START Data records
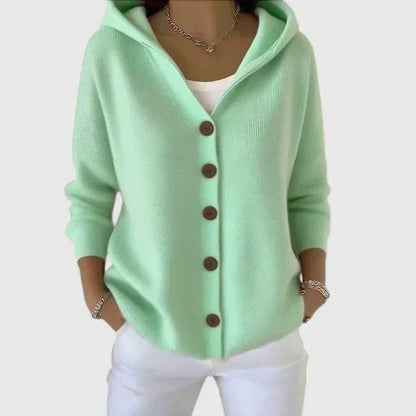Comfortable Cardigan Sweater for Women with Hooded Button Front Long Sleeve Relaxed Oversized Style
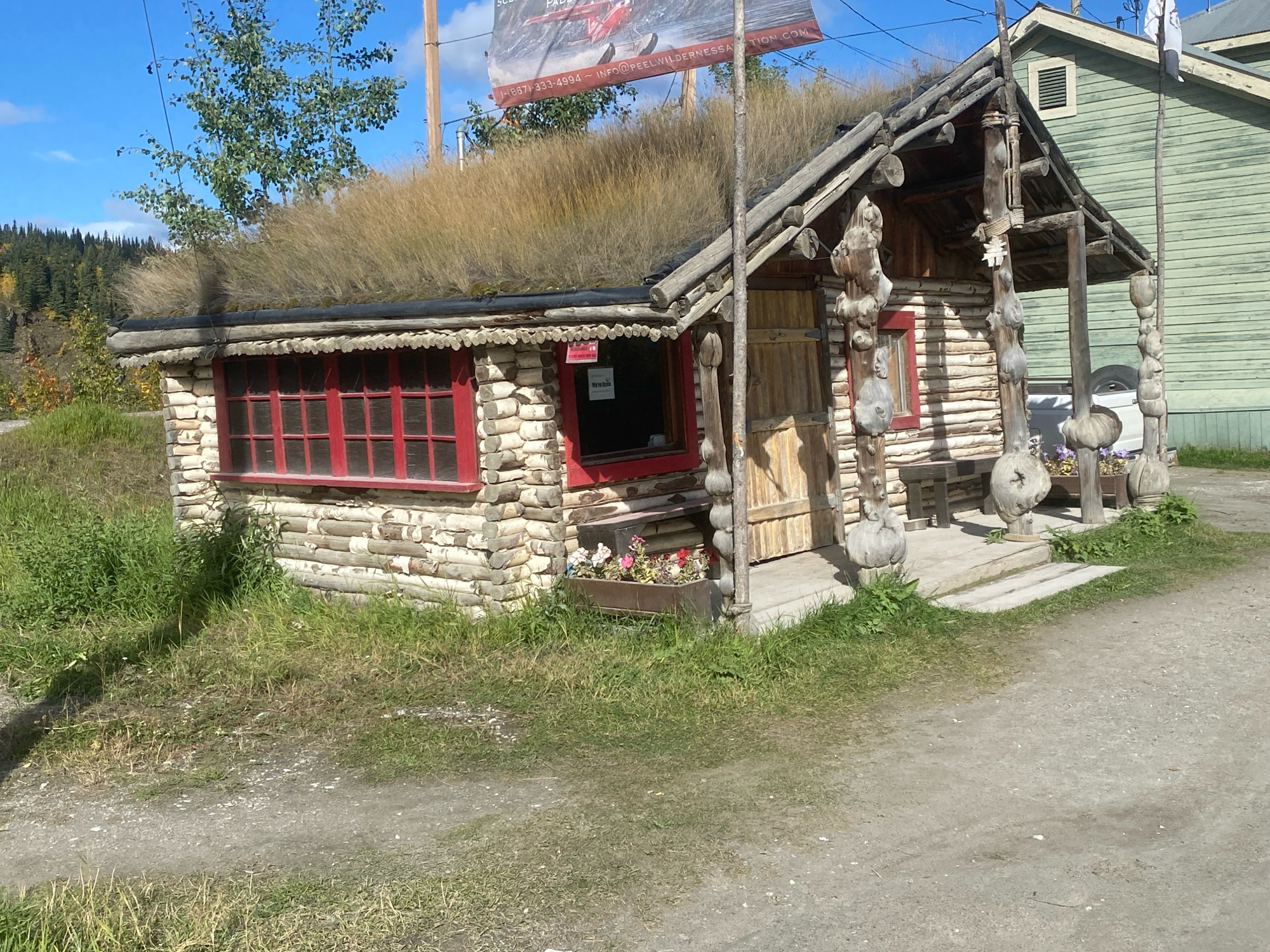 A rustic, log-built building with a sod roof sits in a rural setting. The building has red-framed windows, one of which displays a sign reading "We're Open." A wooden porch with carved posts leads to a doorway. A planter box with flowers sits in front of the building. In the background, a larger, green wooden building is visible, along with trees and a bright blue sky. The ground in front of the structure is a dirt path. The building is likely located in or near Dawson City, Canada, given its distinctive architectural style and the surrounding natural landscape.
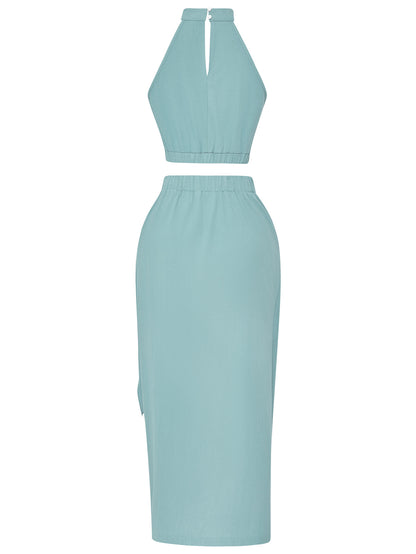 Sexy Halter Sleeves Top & Skirts Suits for Women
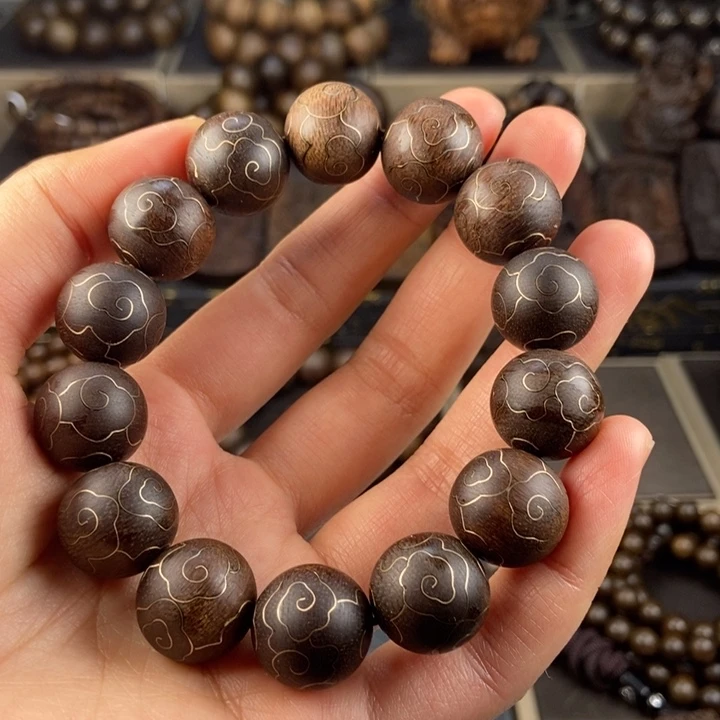 沉香木手串生****#越南芽庄白棋楠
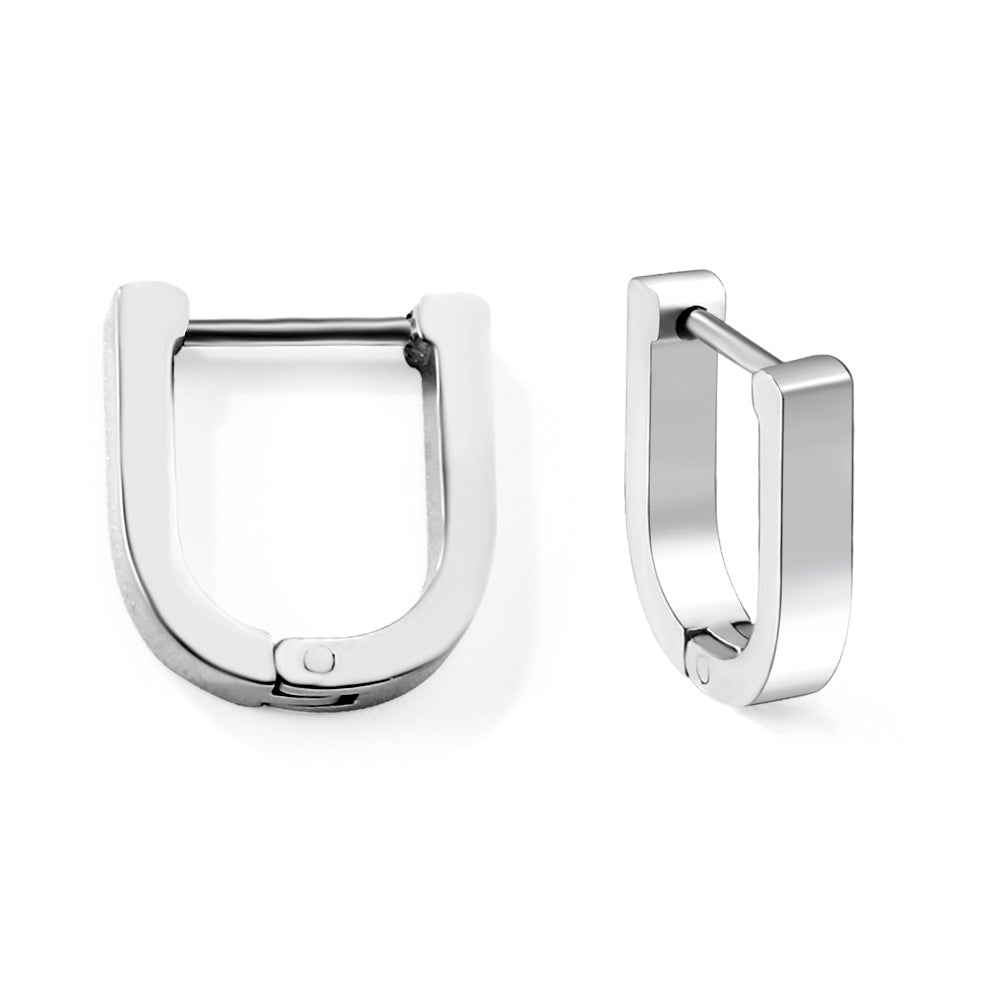 Silver U Shaped Hoops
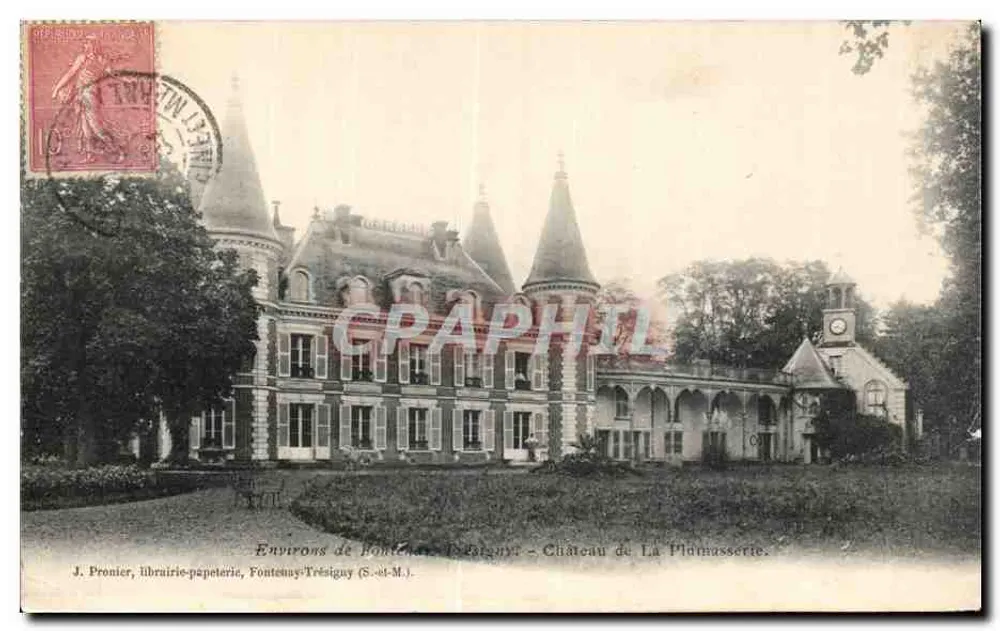 Schloss La Plomasserie — Umgebung von Pontenay-Trésigny — J. Pronier, Buchhandlung-Papierwaren, Fontenay-Trésigny (S.-et-M.) - Vorderseite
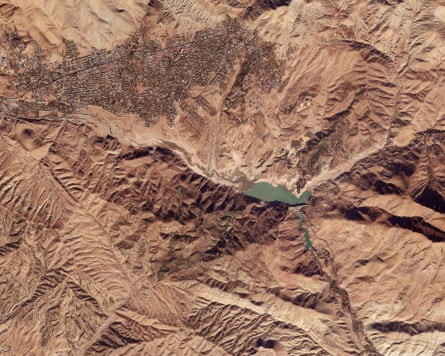 Satellite image shows Latyan Dam outside of Tehran in November.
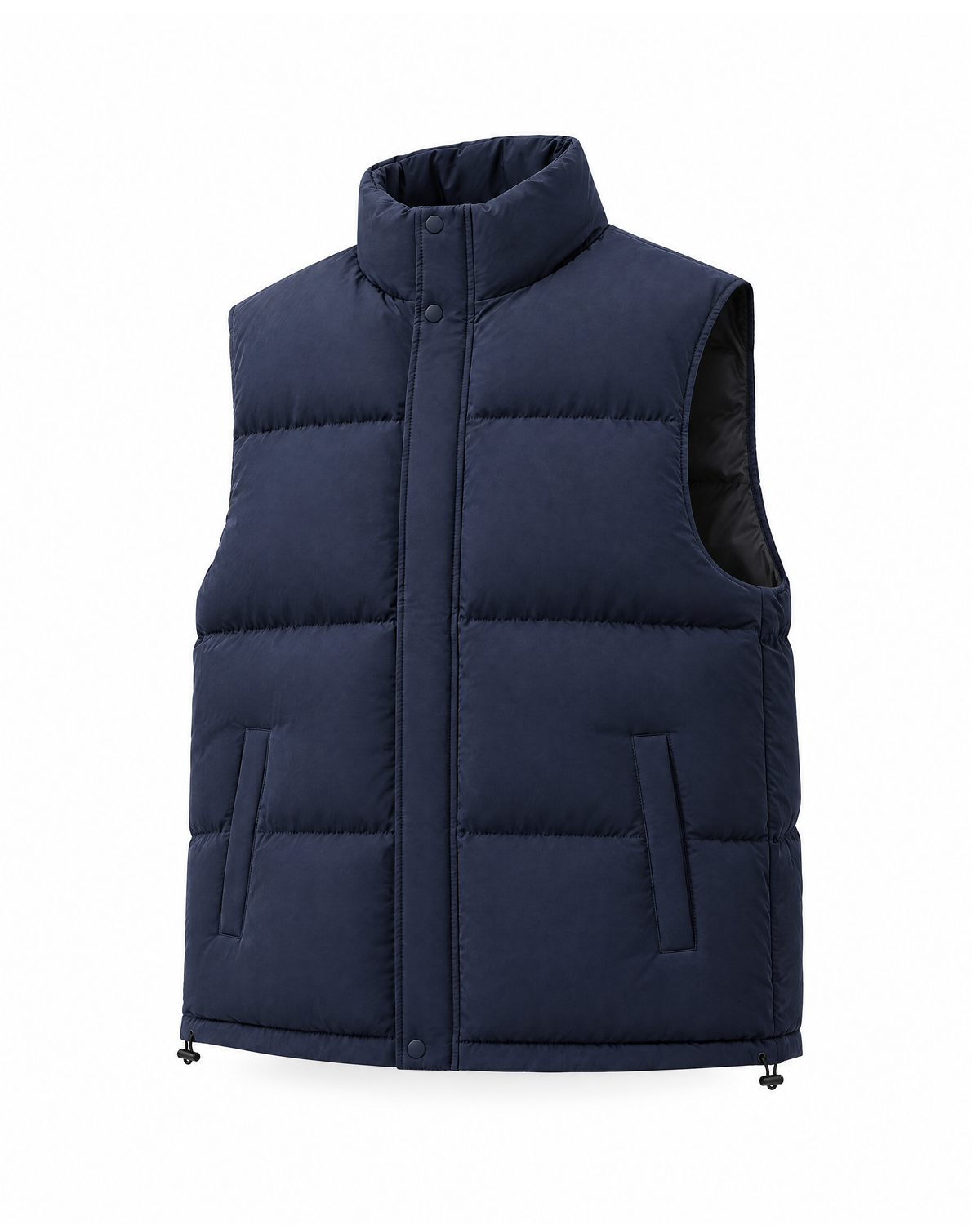 Navy quilted puffer vest at a three-quarter angle on white, showing the bound armhole, the depth of the padding and the drawcord at the hem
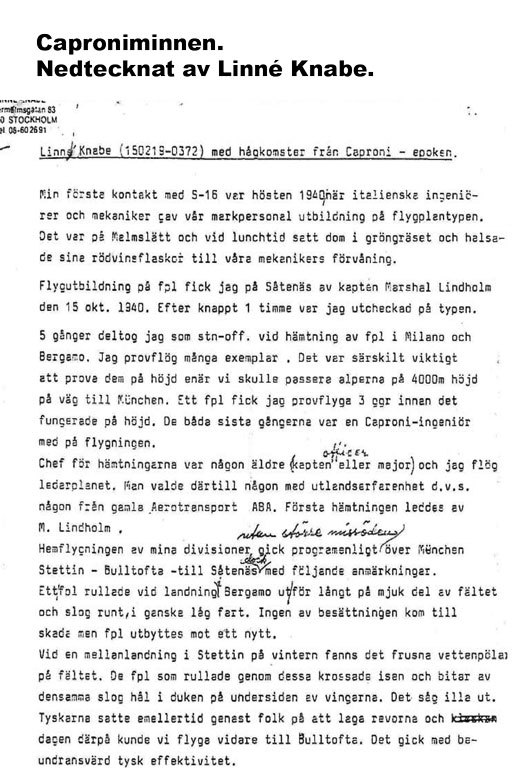 Caproniminne. Nedtecknat av Linné Knabe.
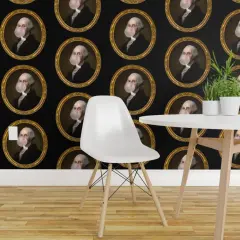 Pre-Pasted Wallpaper 2FT Wide Pink Kitsch Bubble Funny Humor Gum George Historical Figure President American History Georgian Founding Fathers. Custom Pre-pasted Wallpaper by Spoonflower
END Data records
- **What the task requires**
Your answer must be a verbatim copy of the entries above, with no images included.

- **Exercise answer**
Comfortable Cardigan Sweater for Women with Hooded Button Front Long Sleeve Relaxed Oversized Style
 A rustic, log-built building with a sod roof sits in a rural setting. The building has red-framed windows, one of which displays a sign reading "We're Open." A wooden porch with carved posts leads to a doorway. A planter box with flowers sits in front of the building. In the background, a larger, green wooden building is visible, along with trees and a bright blue sky. The ground in front of the structure is a dirt path. The building is likely located in or near Dawson City, Canada, given its distinctive architectural style and the surrounding natural landscape.
 Sexy Halter Sleeves Top & Skirts Suits for Women
 沉香木手串生****#越南芽庄白棋楠
 Silver U Shaped Hoops
 Schloss La Plomasserie — Umgebung von Pontenay-Trésigny — J. Pronier, Buchhandlung-Papierwaren, Fontenay-Trésigny (S.-et-M.) - Vorderseite
 Satellite image shows Latyan Dam outside of Tehran in November.
 Navy quilted puffer vest at a three-quarter angle on white, showing the bound armhole, the depth of the padding and the drawcord at the hem
 Caproniminne. Nedtecknat av Linné Knabe.
 Pre-Pasted Wallpaper 2FT Wide Pink Kitsch Bubble Funny Humor Gum George Historical Figure President American History Georgian Founding Fathers. Custom Pre-pasted Wallpaper by Spoonflower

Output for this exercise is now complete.